Problem statement => Among the lines of the listing below, retype exactly those from the one containing "Area Rug Folding" through the one containing "стеклом нэви блу", both included. Do not include pictures.

Provided information =>
────────────────
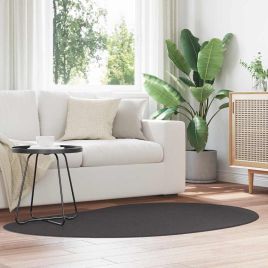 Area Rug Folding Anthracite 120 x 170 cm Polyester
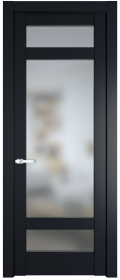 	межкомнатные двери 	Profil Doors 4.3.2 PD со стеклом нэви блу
────────────────
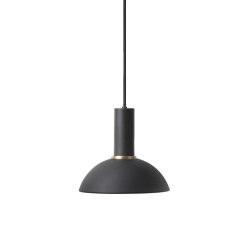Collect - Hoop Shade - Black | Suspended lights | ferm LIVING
────────────────
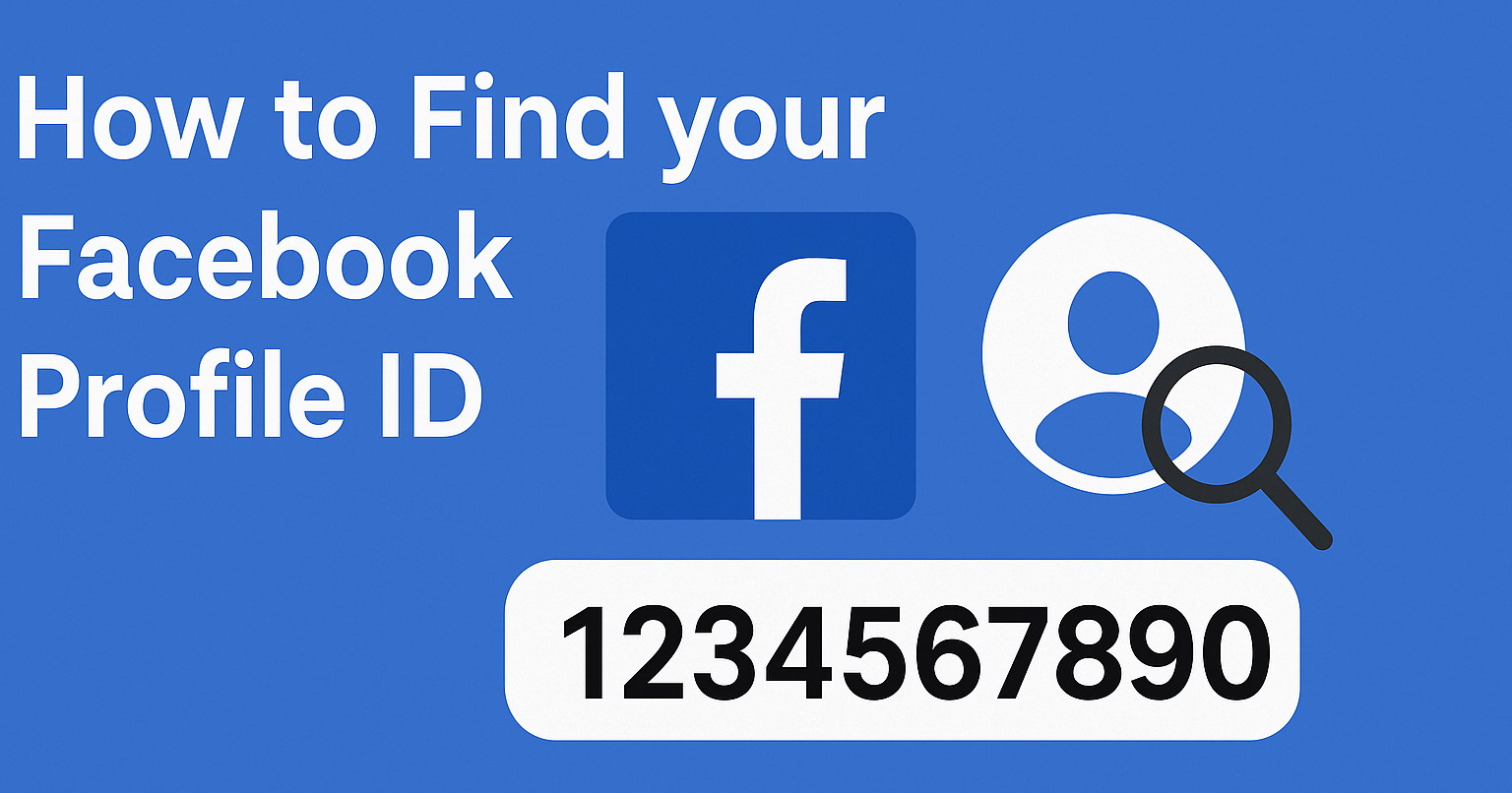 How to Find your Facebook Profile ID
────────────────
Task solution =>
 Area Rug Folding Anthracite 120 x 170 cm Polyester
 	межкомнатные двери 	Profil Doors 4.3.2 PD со стеклом нэви блу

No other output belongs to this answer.